Wednesday, September 7, 2011

Haircut!

 Channeling my inner Audrey and getting my hair done tonight! Should be fun!

Tuesday, September 6, 2011

Yahweh - Worship video with lyrics by New Life Worship, Ross Parsley



Hello Loved Ones.

I mentioned last week how God's character has been on my mind and heart.

I love this song that speaks to God's character as faithful, unchanging, and enduring. Let me share a bit of my heart as to why.

Over the last year I decided to dig into the heart of some bitterness and resentment that I have been holding onto from a broken relationship. I realized that I could go no further in healing without opening my heart to the things of the Lord.

I finally agreed to see a counselor who helped me sequentially work through the time I had invested into that relationship. I will never forget, as we dug into the heart of the most traumatic and painful memory, how my normally reserved and withdrawn self completely broke free and I screamed, "WHERE WERE YOU!?!"

In that moment, the peace of the Lord came over me, He overwhelmed my heart with His love, and I saw Jesus. I actually saw him in my memory.

My heart broke, unexpected tears flowed, and an indescribable joy filled my heart. It was raw and unhindered.

He was there.

He will always be here.

I am not alone.

This is the greatness of Yahweh. He is faithful, unchanging, and enduring. He is past, present, and future. He is more than what I see, and when He reveals Himself, it is indescribable.

Monday, September 5, 2011

Friday, September 2, 2011

Transformation and the Great I AM

Hello Loved Ones.
I've been resting on the thought of God's character.
I recently heard someone say, "When you speak to God about who He is, He responds by telling you who you are." The song below has been been reaching into the voice of my heart. It is my heart's cry to God about who He is.
Every now and then certain fears creep into my heart that can be just downright crippling. I can get so caught up in the "what ifs" that I become stagnant.... or just plain paralized. Yet, these times have been crucial in my understand of who God is. I say to God, "What if..." and His response is "I AM." I fully believe that there is something about the character of God that addresses any fear I may ever have.
I wish I could fully express in words the power of what the "Great I AM" is doing in my heart.
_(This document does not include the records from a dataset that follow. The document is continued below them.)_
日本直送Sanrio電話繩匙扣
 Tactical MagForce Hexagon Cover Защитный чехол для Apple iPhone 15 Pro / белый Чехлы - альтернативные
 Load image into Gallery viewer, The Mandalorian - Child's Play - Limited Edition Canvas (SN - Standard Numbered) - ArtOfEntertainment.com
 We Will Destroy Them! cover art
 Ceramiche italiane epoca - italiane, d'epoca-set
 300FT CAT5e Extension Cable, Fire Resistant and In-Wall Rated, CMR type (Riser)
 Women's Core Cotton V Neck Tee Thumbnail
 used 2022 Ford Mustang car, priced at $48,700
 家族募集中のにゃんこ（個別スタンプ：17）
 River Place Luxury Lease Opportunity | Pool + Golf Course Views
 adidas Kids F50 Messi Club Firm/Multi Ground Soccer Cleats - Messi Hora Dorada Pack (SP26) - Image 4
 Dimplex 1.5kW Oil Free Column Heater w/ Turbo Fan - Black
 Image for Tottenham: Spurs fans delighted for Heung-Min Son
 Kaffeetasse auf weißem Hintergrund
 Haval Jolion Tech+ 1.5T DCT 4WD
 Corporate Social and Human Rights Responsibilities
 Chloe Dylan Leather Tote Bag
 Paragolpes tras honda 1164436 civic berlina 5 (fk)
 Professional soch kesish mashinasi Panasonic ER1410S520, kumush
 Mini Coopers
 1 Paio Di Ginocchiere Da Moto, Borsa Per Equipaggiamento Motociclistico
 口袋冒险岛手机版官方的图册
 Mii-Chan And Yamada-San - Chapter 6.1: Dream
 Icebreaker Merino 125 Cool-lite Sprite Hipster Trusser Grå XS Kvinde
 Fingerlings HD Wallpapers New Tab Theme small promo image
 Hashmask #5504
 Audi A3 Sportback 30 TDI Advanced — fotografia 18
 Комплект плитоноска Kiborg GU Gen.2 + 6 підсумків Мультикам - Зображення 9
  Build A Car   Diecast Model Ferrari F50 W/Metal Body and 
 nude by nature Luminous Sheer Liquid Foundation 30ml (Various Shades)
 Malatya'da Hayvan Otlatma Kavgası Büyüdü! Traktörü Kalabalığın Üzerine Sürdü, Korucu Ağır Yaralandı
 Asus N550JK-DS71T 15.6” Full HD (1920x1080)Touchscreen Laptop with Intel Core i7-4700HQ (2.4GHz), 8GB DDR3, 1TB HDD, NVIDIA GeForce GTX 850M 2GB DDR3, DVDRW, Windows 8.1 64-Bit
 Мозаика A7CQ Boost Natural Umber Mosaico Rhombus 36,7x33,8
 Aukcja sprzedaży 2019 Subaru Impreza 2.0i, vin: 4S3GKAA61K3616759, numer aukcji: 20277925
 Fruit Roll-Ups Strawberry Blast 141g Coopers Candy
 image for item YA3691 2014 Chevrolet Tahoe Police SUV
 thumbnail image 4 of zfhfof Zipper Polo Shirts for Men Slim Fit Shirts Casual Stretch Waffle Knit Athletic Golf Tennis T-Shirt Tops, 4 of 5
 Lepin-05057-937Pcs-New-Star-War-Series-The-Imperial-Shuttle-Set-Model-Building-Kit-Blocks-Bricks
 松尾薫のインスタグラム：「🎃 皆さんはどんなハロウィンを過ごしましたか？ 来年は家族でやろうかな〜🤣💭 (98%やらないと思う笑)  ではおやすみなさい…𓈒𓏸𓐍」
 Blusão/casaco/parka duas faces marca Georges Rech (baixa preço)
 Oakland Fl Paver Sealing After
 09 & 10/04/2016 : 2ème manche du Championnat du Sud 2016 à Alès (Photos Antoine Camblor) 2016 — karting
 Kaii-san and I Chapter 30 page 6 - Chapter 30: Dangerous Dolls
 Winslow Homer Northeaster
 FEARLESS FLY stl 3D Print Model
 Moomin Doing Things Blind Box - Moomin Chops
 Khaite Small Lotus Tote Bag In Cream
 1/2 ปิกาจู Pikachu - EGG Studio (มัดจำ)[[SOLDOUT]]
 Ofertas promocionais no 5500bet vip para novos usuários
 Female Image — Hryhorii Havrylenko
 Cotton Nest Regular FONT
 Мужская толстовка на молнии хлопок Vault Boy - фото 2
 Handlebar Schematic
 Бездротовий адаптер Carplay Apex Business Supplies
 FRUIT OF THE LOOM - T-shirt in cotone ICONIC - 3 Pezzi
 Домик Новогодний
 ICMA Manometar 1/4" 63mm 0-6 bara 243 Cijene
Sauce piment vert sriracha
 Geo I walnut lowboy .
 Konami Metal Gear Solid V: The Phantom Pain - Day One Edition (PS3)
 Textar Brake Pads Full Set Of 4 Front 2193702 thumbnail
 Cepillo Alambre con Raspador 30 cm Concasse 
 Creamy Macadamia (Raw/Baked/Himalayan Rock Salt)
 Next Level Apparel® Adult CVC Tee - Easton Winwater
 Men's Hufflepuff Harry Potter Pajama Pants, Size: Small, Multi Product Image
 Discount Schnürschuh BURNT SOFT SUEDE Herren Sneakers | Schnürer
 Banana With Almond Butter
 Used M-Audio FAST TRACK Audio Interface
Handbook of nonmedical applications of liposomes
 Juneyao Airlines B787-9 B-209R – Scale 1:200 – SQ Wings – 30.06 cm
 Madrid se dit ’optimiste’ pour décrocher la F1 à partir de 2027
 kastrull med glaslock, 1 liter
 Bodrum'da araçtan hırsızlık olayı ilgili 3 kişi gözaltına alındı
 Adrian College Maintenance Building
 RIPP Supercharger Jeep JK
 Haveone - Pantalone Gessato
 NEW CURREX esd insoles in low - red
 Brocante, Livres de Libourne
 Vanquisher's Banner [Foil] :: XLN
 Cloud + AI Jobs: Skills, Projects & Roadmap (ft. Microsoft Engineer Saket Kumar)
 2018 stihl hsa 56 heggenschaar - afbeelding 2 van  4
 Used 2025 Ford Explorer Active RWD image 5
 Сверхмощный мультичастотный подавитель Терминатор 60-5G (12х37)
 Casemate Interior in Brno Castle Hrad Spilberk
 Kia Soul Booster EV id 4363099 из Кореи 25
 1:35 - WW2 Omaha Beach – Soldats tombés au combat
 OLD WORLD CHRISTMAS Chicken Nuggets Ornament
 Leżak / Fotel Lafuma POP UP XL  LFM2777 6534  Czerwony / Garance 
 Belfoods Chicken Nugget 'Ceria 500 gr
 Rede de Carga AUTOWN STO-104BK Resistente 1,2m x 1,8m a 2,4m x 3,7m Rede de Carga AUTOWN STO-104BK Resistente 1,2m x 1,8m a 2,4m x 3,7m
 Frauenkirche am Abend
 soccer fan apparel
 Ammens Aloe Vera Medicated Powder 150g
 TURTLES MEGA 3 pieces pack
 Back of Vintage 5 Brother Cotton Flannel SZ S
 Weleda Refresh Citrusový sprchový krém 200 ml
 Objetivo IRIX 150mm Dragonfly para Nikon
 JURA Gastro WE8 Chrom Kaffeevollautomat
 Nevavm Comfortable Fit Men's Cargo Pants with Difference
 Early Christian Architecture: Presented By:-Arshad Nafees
He is transforming me to no longer be a child of fear and the darkness that comes with it, but instead filling it with an overwhelming sense of peace that can only come from following the "what ifs" through till there is nothing left but God. There is much work left to be done... but if you could see the transformation in my life over the past two years you would have no doubt that it was God!
As I listen to this song, I am humbled and quieted being reminded of God's Greatness and Holiness. He alone is worthy of all praise.